あの映像の少年が、自分だったかどうか。確証は何もない。それでも、胸の奥が知っていた。


 きっと――あれは、忘れたくて忘れたんじゃなかった。ユイは額に手を当てた。

胸の奥に、どうしようもなく冷たいものが広がっていた。


「……思い出せない」

 声が震えた。

「何も……」

 目の奥が痛んだ。記録に残らなかっただけじゃない。 自分自身の記憶からも抜け落ちていた。


 “なぜ忘れたのか”

 それが、ひどく怖かった。


「ユイ」

 レオンの声は低く落ち着いていた。

「無理に思い出す必要はない」

「でも……」

「今は記録を集めるだけでいい」

 ユイはゆっくり顔を上げた。

「……分かってる」

 再生装置の画面は、今は真っ黒に沈んでいる。

 けれど、さっきまでの映像は消えない。

 あの小さな背中。隣に寄り添う、顔の見えない影。忘れていたはずの情景が、胸の奥にじわじわと溶けていく。


「なあ」

 珍しく、レオンが言葉を探すように声を出した。


「……もしお前が、そこにいたんだとして」

「うん」

「それでも今は、自分を“ユイ”として生きてるんだ」

「……」

「過去の全部が、今のお前を決めるわけじゃない」

 レオンの言葉は不器用で、温かかった。ユイは息を吐いた。


「……ありがとう」


 再生装置に残されたログファイルをもう一度確認する。古い記録装置は、断片的に別の映像を保持していた。

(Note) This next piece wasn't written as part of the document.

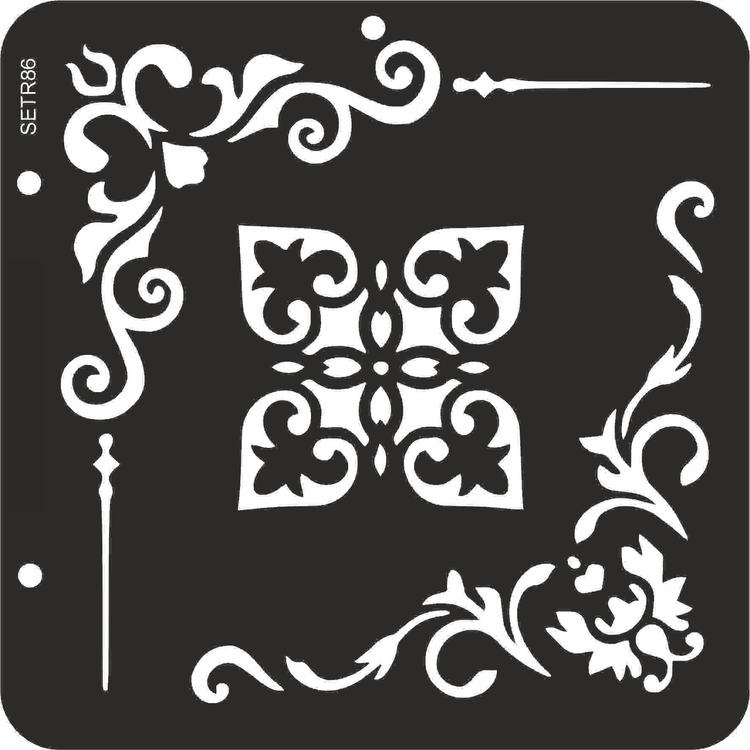 collection of frame, border, and corner stencils. Perfect for scrapbooking, cards, wall art, furniture, and DIY crafts.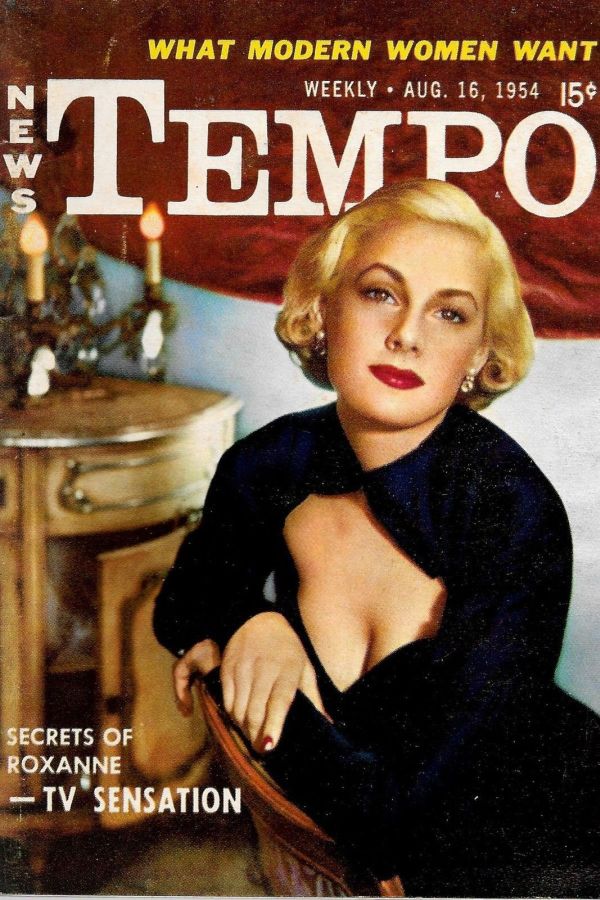TEMPO (USA) magazine side cover 16 August 1954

 再生マークをタップする。モノクロの映像が、途切れながら浮かぶ。


 記録番号〈No.07-A/監視区画・第3ルーム〉

 日付の欄は、読み取り不能だった。映像の奥で、小さな影が声を上げている。けれど、音声は復元されなかった。

ただ、何度も同じ仕草を繰り返している。誰かを探すように、扉を叩いていた。


「……寂しかったんだ」

 ユイが小さく呟いた。

「きっと、ずっと」

 もう一つ、記録があった。

 映像が切り替わる。

 廊下を歩く職員たち。

 書類を抱えた白衣の影。

 そして、幼い自分によく似た少年が、廊下の隅に座り込んでいた。顔は映らない。

 でも、視線だけが、ずっと閉じられたドアを見つめていた。


 その先に、さっきの隔離ルームがあった。

 胸が詰まる。


「……何で、忘れてたんだろう」

 声が震えた。

「どうして、僕は……」

 答えは返ってこない。

 でも、知らないふりだけはできなかった。